La primavera è ufficialmente tra noi. Spuntano le tenere erbe, si colorano i primi fiori.
Profumi, sensazioni, voglia di reinventarsi e di scoprirsi più sensibili.
Bella roba davvero. Aspettate qualche settimana e vi sorprenderete a stramaledire le vostre sconsiderate ambizioni botaniche, razza di incoscienti. Avete voluto la villetta con il giardino? E allora è questo il destino che vi meritate e che vi attende già dai prossimi weekend: spaccarsi la schiena per cercare di governare l'infestante tripudio della natura. Altro che romanticismo e vita all'aria aperta.
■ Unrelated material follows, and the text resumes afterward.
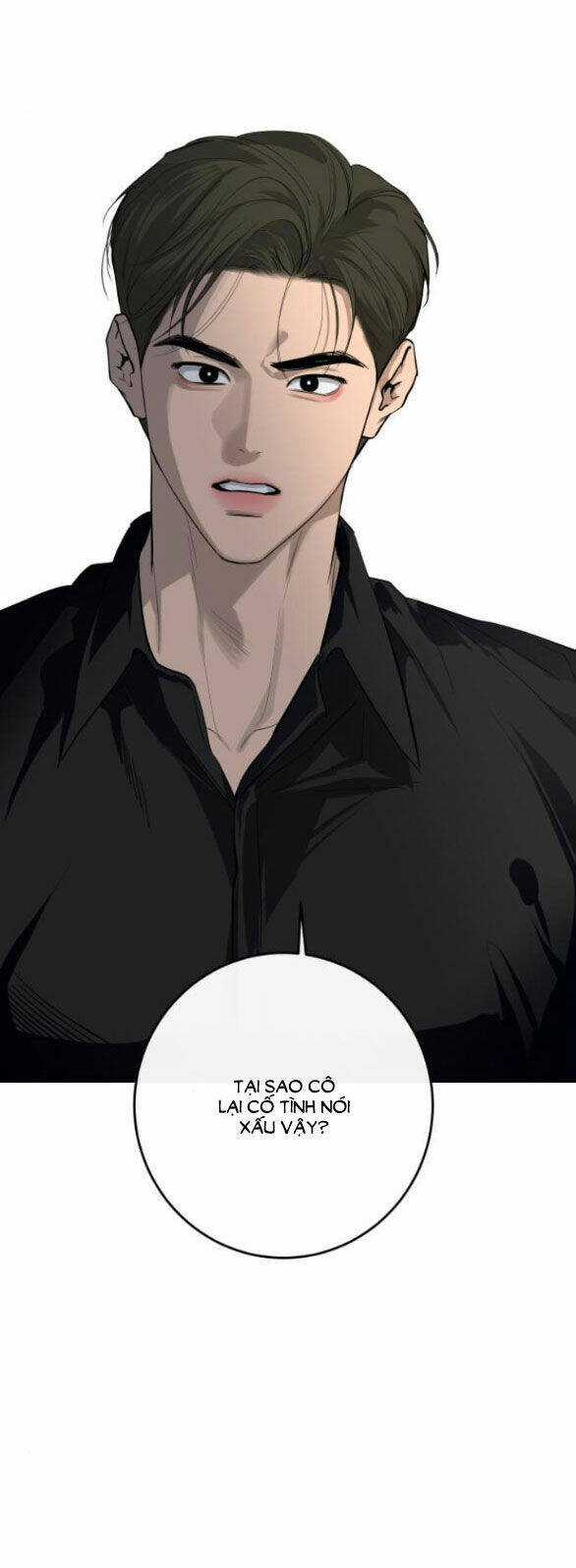 Tiên Nữ Ngoại Truyện Chapter 59.1 trang 32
C'è da potare, da rastrellare, financo da mettere a dimora nuove pianticine pronte a divenire la vostra schiavitù in un batter di ciglia.
Sacrificherete il vostro prezioso tempo da dedicare alla bicicletta? Fatevi due conti e vedete se potete permettervi un giardiniere, salvaguardando le sospirate pedalate.
Certo, se solo foste abitanti del Quebec potreste perlomeno confrontarvi con professionisti sensibili a questo genere di disagi. Gente raffinata come quella di Les Jardiniers à Bicyclette, una piccola rete di manutentori del verde che, per voto o convinzione, non utilizza alcuna attrezzatura motorizzata per espletare i lavori della terra.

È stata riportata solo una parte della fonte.